== Your objective ==
Repeat the lines below exactly as written, please, from the line with "キッチン家電 調理器具 焼き物 朝食 ビニール シール (正面)" to the line with "Patchwork Knit and Plaid Sweater", both lines included, and no others.

== Given data ==
►

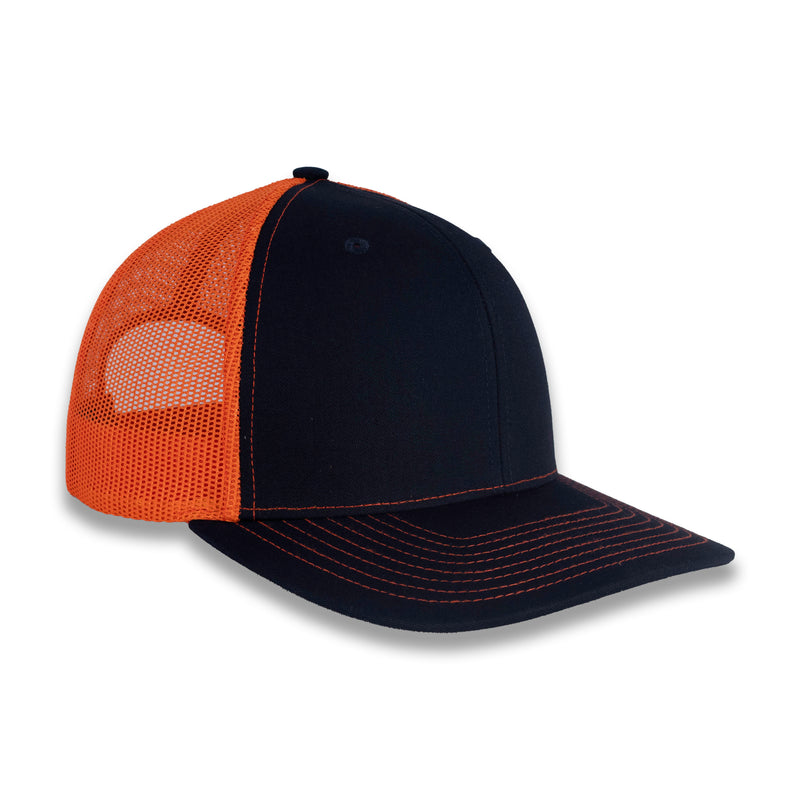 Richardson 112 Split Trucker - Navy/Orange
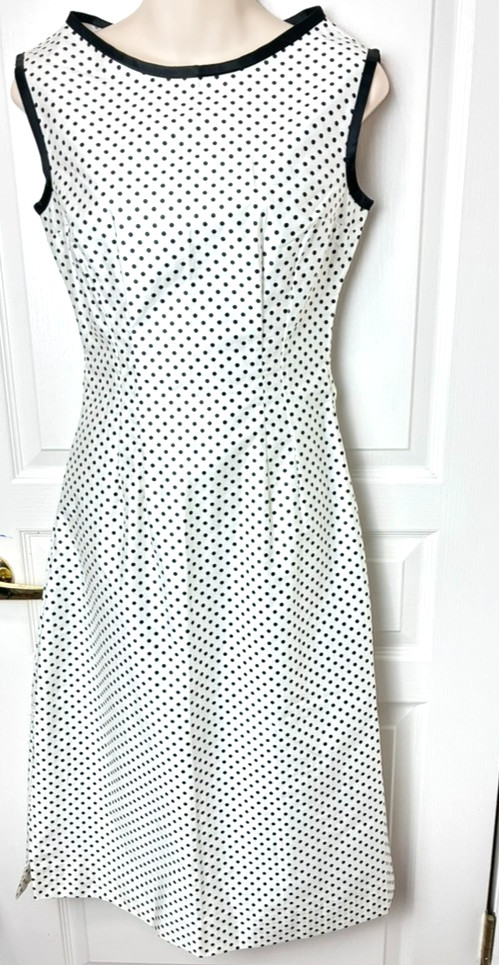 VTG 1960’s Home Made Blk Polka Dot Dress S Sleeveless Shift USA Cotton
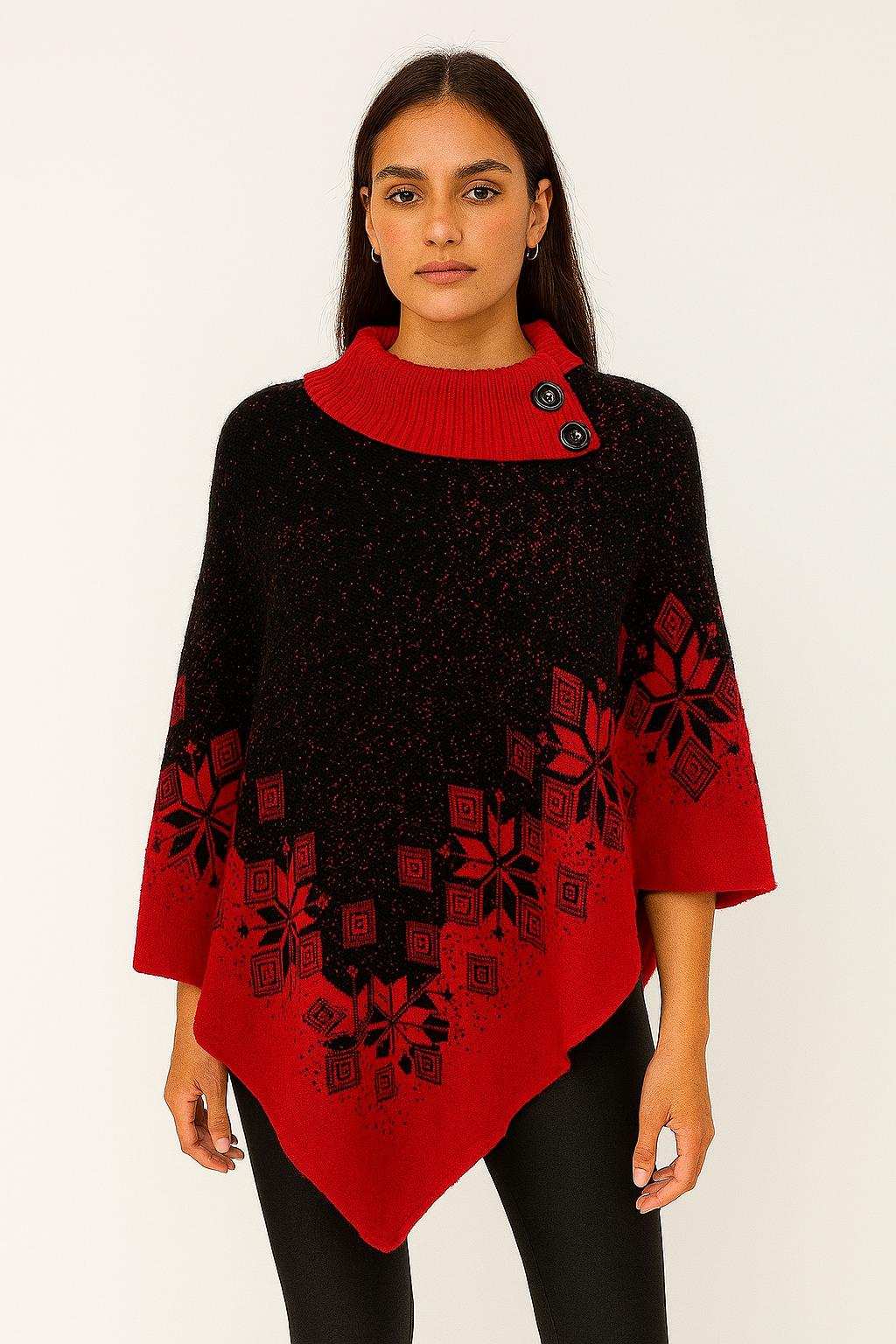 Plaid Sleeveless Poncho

◄
►

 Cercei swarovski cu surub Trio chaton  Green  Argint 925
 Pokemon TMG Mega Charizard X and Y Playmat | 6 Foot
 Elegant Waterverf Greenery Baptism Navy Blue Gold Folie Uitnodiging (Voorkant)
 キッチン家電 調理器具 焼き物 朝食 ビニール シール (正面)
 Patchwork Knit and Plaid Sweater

◄
►

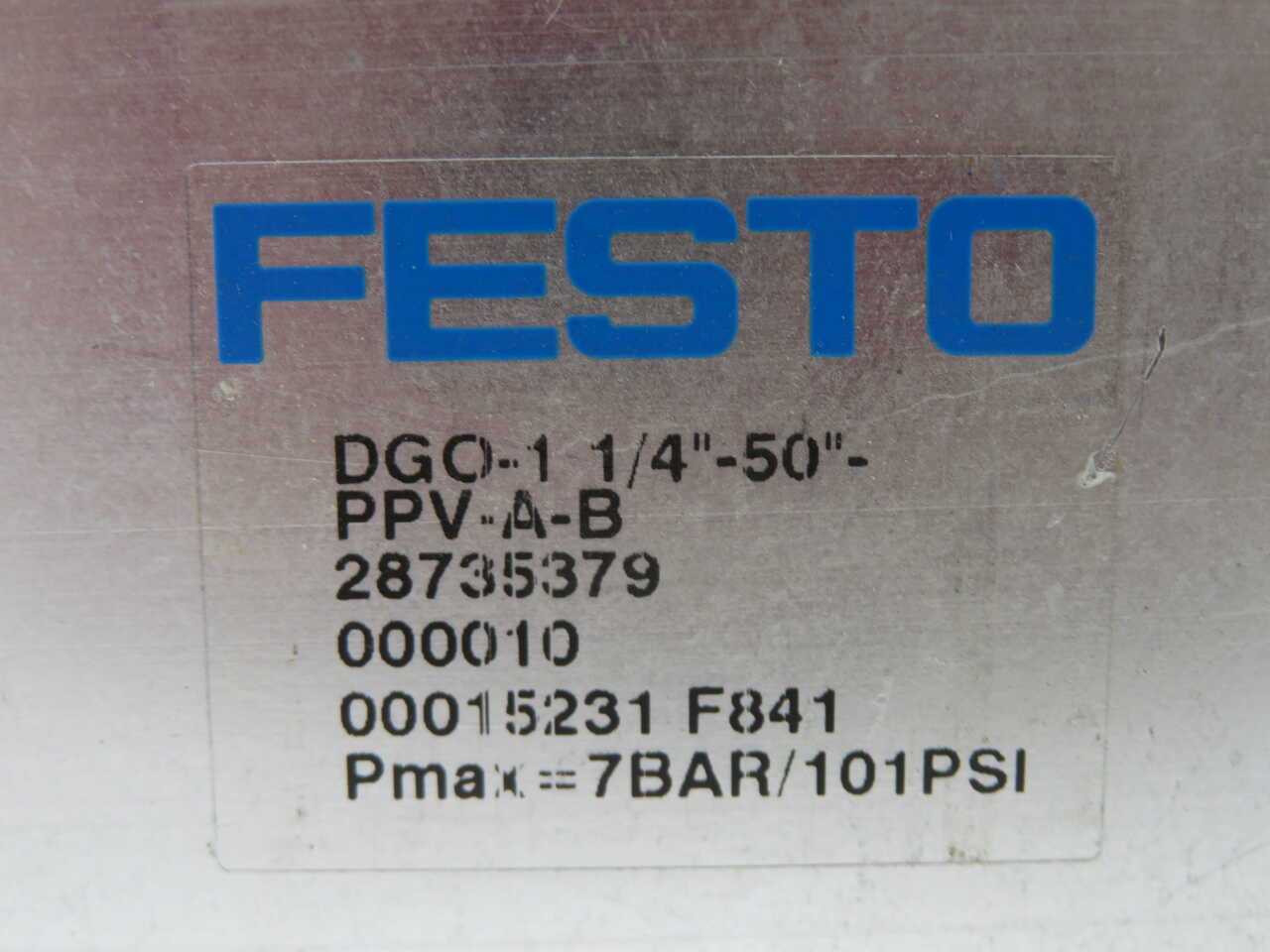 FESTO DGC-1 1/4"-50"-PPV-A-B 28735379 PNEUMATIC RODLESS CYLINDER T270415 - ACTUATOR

◄

== Task result ==
 キッチン家電 調理器具 焼き物 朝食 ビニール シール (正面)
 Patchwork Knit and Plaid Sweater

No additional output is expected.